The Dysautonomia Center welcomes guest writer Alyson Brenner who shares her story on the journey to reduce sedative medications for her son with FD. Alyson offers practical advice to families and the path to possible.
Twenty seven years ago—the diagnosis—Familial Dysautonomia. It didn’t even sound like English. And everything changed. We endured years of doctors’ visits, tube feeds, surgeries, medications and crises. I learned how to manage the day-to-day maintenance. I dealt with the emergencies, and I knew how to medicate when a crisis occurred. But managing all of the medications was difficult—we had so many questions. Did Michael really need all of these meds? Did increasing the dosages year after year help him? Were there other options?

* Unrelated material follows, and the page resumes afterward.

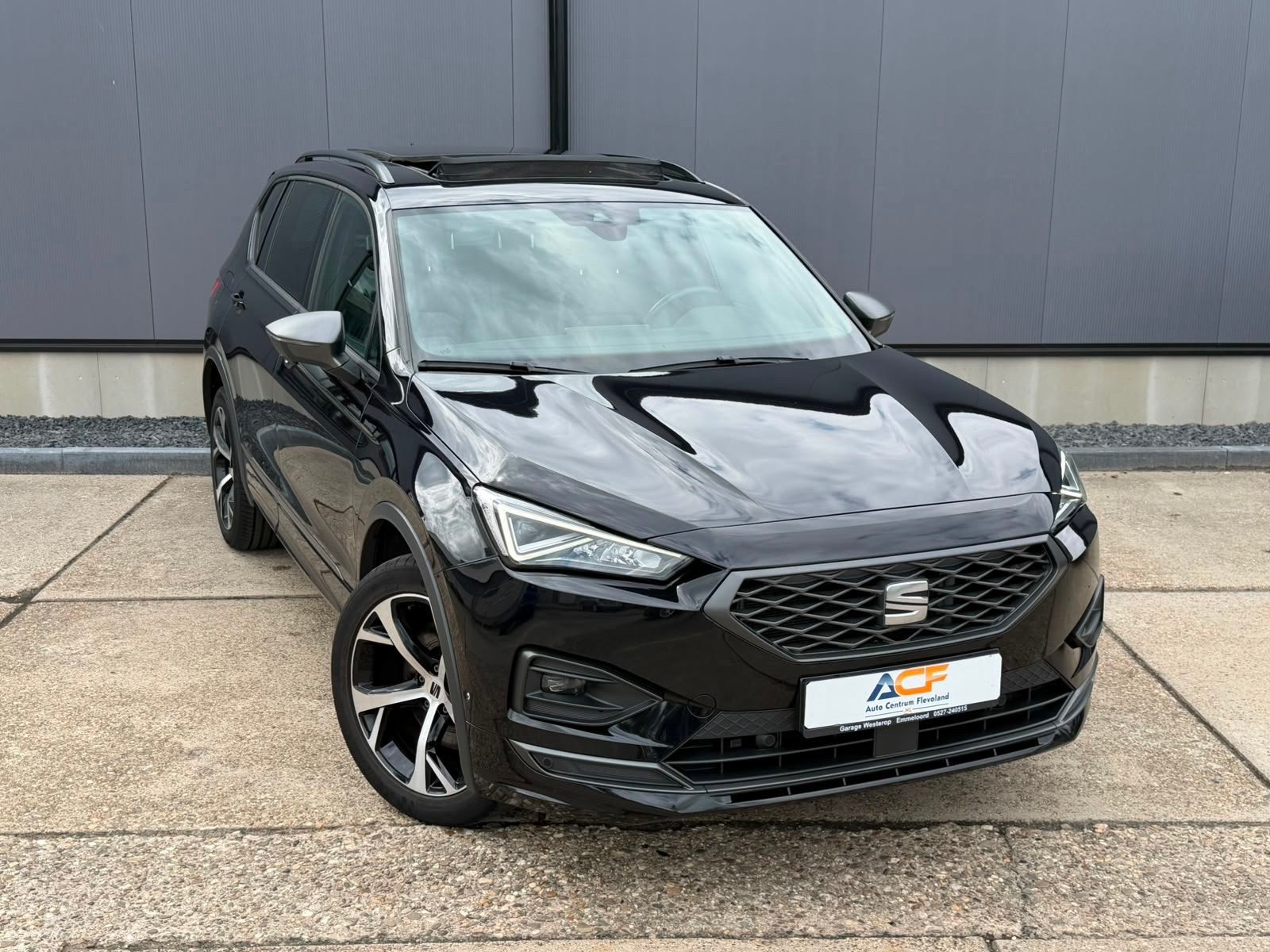 Seat Tarraco 1.4 TSI e-Hybrid PHEV FR Business Leer / trekha, Zwart, 4 cilinders, Adaptive Cruise Control, Zwart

Finally, after many years of adding more and more medications to his regimen, we were directed to start decreasing some of them. First to go were the benzodiazepines—a class of medications that work on the central nervous system. They reduce the activity of nerve cells within the brain. Michael was so heavily drugged from these medications, and new options were being explored for FD, so we took the plunge to reduce and ultimately discontinue them. In my role as chief maintenance specialist, I began the task of reducing the meds—the Valium (diazepam), the Klonopin (clonazepam), and then the Catapres (clonidine, not a benzo) in a very slow, controlled process—all with direction from Dr. Kaufmann and the team at the Center. Their support and guidance was unwavering. I never told Michael when I cut back on a dose. I reduced the meds by one quarter of a pill (and in the beginning, I even went as small as one eighth of a pill) and only cut back one medication, one dose at a time.

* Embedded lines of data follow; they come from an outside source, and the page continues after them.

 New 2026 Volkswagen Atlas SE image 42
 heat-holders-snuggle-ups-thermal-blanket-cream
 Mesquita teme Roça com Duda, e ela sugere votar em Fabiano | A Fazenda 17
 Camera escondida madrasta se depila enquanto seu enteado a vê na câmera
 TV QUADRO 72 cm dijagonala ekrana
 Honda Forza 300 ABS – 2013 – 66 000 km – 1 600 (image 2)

“Applying what the experts have learned has changed my son’s life for the better” – Alyson Brenner, mother of Michael (age 29)
I waited a month before making another very slow change. I never saw any negative reaction when I made a reduction, and this was very encouraging. It showed me that the high doses of these meds were not necessary. It did take several years, but Michael is now totally free of valium, klonopin, and clonidine. He is now taking carbidopa to control his blood pressures—a much safer option than the other meds he was taking, and he is a changed young man. He is awake, more engaged, and very happy. He notices the difference!

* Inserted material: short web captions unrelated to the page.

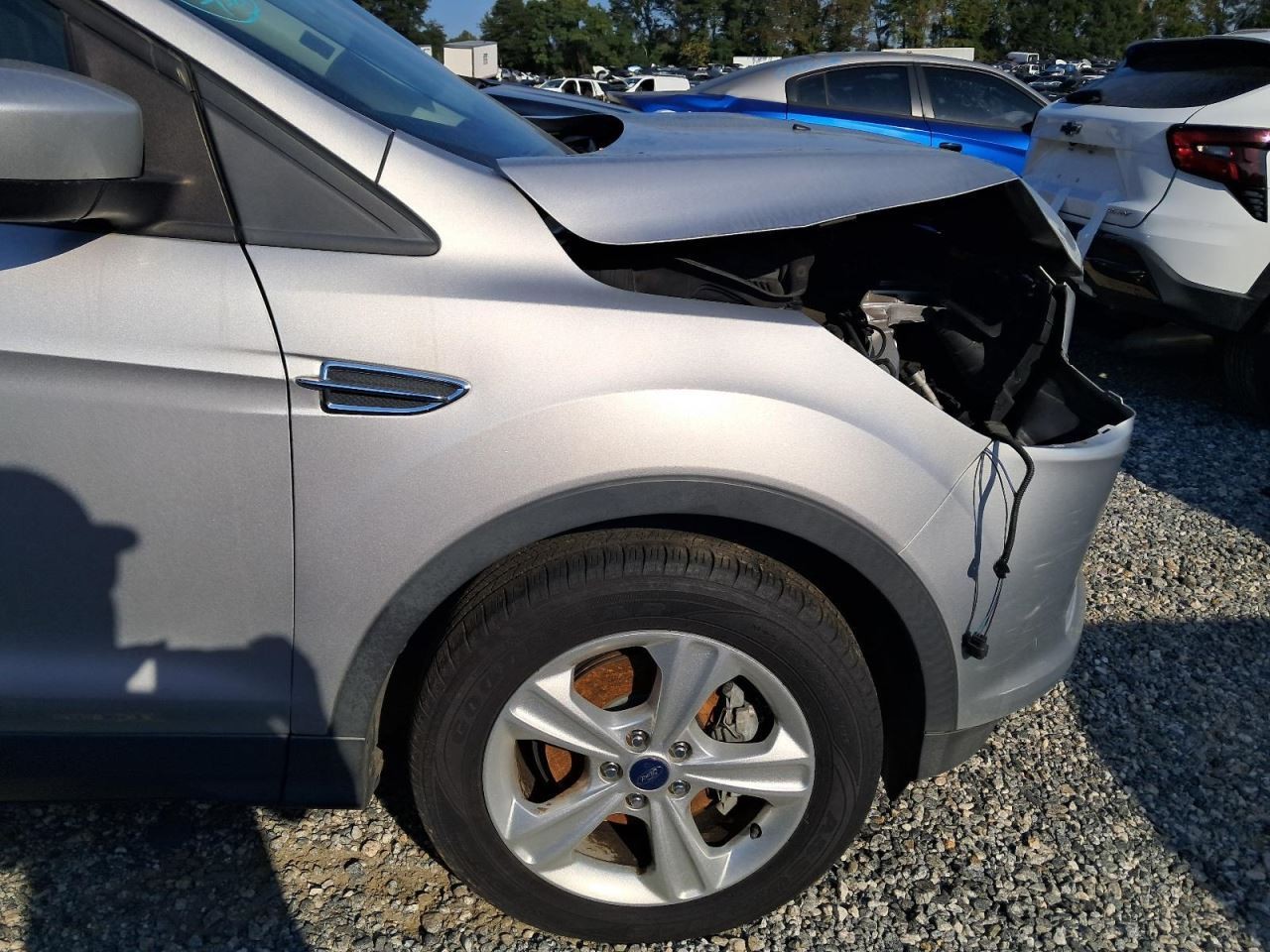 ESCAPE 2014 Glove Box 4789069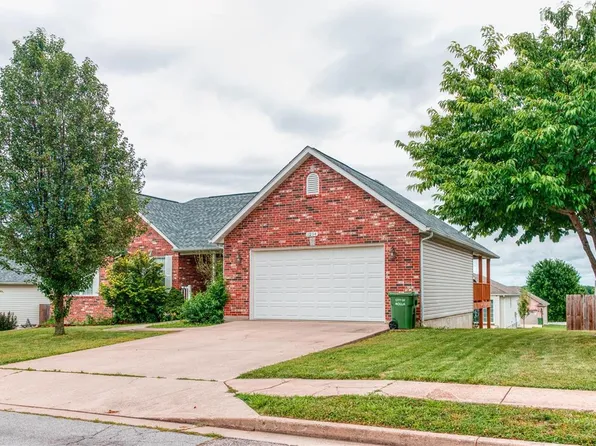 1204 Britt Ln, Rolla, MO 65401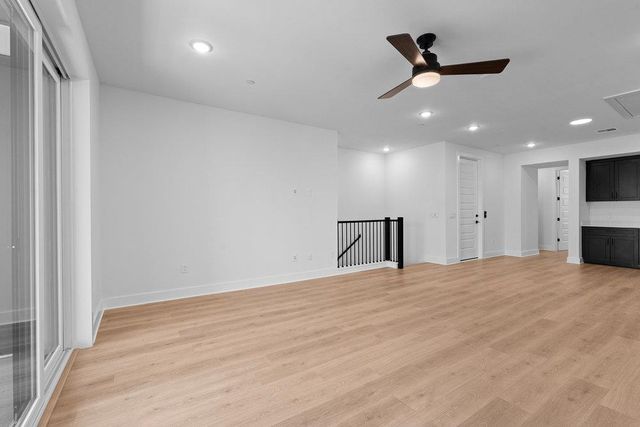 4309 Prevail LN 18, Austin, TX 78731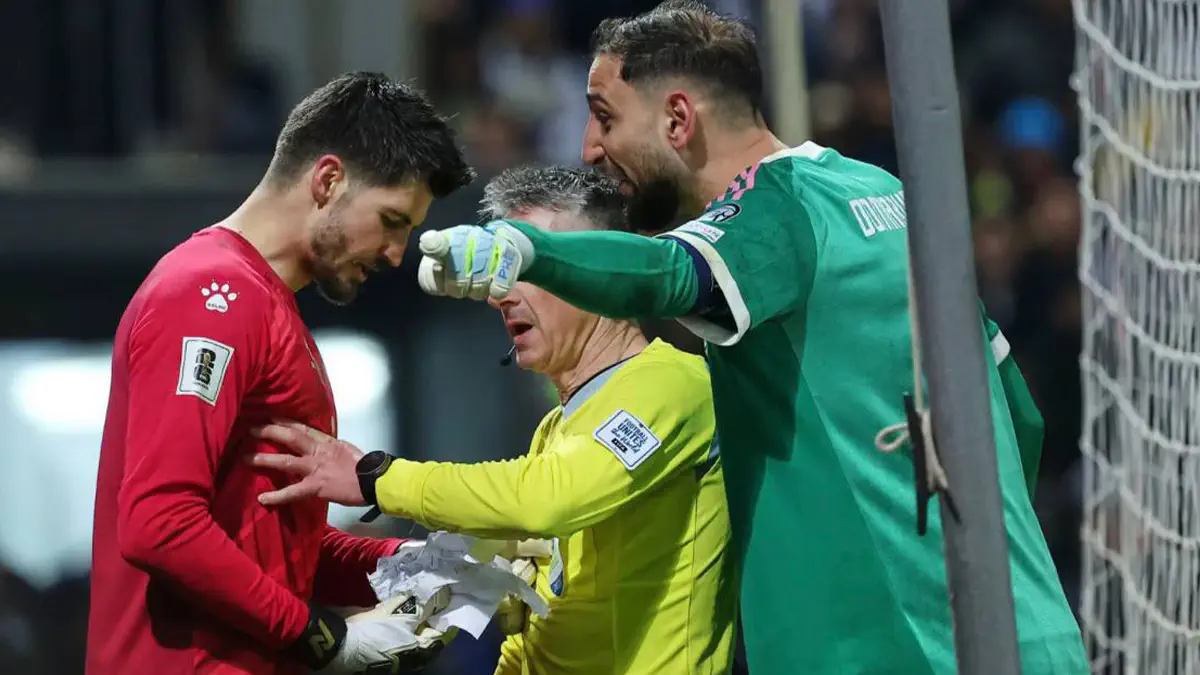 Cunning move. Nikola Vasilj steals Donnarumma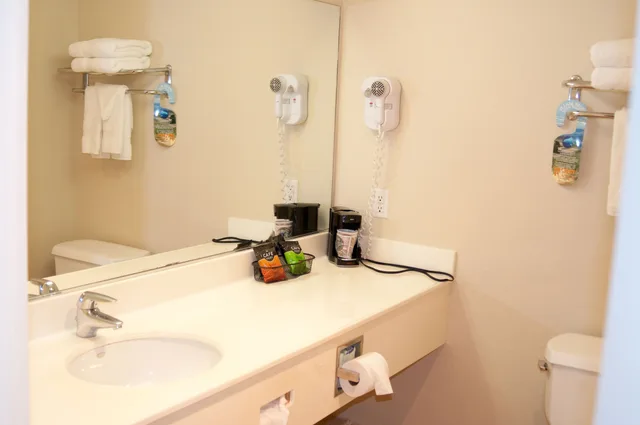 غرفة ديلوكس بسرير كوين، Lamplighter Inn Suites 2/2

Then there’s the issue of the BIPAP for sleep. Michael’s CO2 levels were dangerously elevated. He began using the BIPAP several years ago and those numbers normalized very quickly. Does he like using it? Absolutely not. But the research clearly shows what can and has happened to patients who do not use this little machine. As parents, we offered our son no choice in the decision to use the BIPAP. So yes, Michael will complain about it, but he understands why he uses it and he complies. It’s a very simple solution, and I see it as a necessity.
There have been a lot of exciting advances in the research and treatment of FD in the last few years. Applying what the experts have learned has changed my son’s life for the better. The direction is available and I urge everyone to take advantage of the wonderful knowledge and expertise that the Center offers. They are there to help.
Guest writer Alyson Brenner contributed her story to show other families that it is possible to reduce the use of sedative medications in patients with FD. The Center has a specialist medical team available to support families living with FD.